# Picking Male vs female



## gamberc (Mar 10, 2008)

ok guys im getting a chocolate lab in a couple of weeks and the big questions is male or female, ive had all females before and they are great and ive always had good luck training them. But i wouldnt mind having a male and switching it up i feel like i would bond alot better with male. Does anyone have any facts on wether or not male or female is better


----------



## speckline (Dec 13, 2008)

I have had both. I personally prefer males for a number of reasons.
Males don't kill the grass. Maybe will affect trees and bushes.
Males seem to take pressure better and don't get "pouty"
Males seem to be friendlier to other dogs, the females get "*****y"
No heat cylces or mess to deal with.

Now, this is only my humble opinion based on the dogs that I have owned and trained. FWIW.
That said, I would never pass up a litter based on only females remaining.
Good luck with your new pup!!!


----------



## Chaws (Oct 12, 2007)

Even though it really doesn't matter, I'd say to get a female I guess. All depends on the litter and the parents itself.

Something to be more concerned about is if the litters parents have the needed health clearances with Hips, Elbows, Eyes, EIC, and CNM all taken care of and knowing what you're getting through health. After that, talk with the breeder and learn about the pups to find some initial traits such as low/med/high prey drive, size, whether the pups follow a lot or are loners, etc. Even with taking that into consideration, picking a pup is a crap shoot.

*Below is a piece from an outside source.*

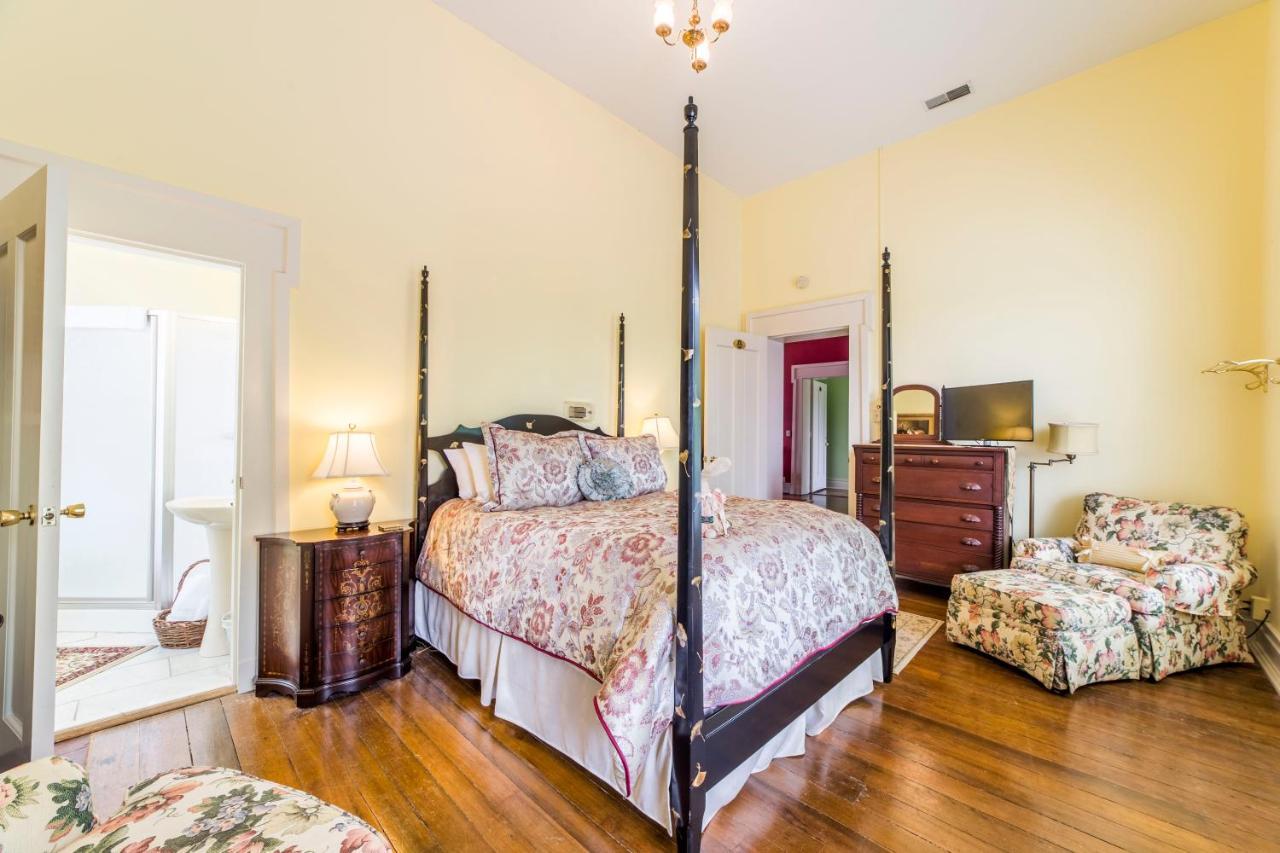 Bourbon Manor Bed & Breakfast Inn Bardstown Eksteriør billede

With that being said, as long as you've researched the pedigree and you like the parents and they have all their health stuff taken care of, just reach in and grab a pup.

Good luck to ya.


----------



## DakotaRidge (Nov 25, 2008)

I agree with Chaws on the health clearances. Make sure they are done. On male or female, if you are undecided on what you want, I tell my puppy buyers to let the puppy pick you. My females are just as hard going as any males are. The only difference is the heat cycle deal if you ask me.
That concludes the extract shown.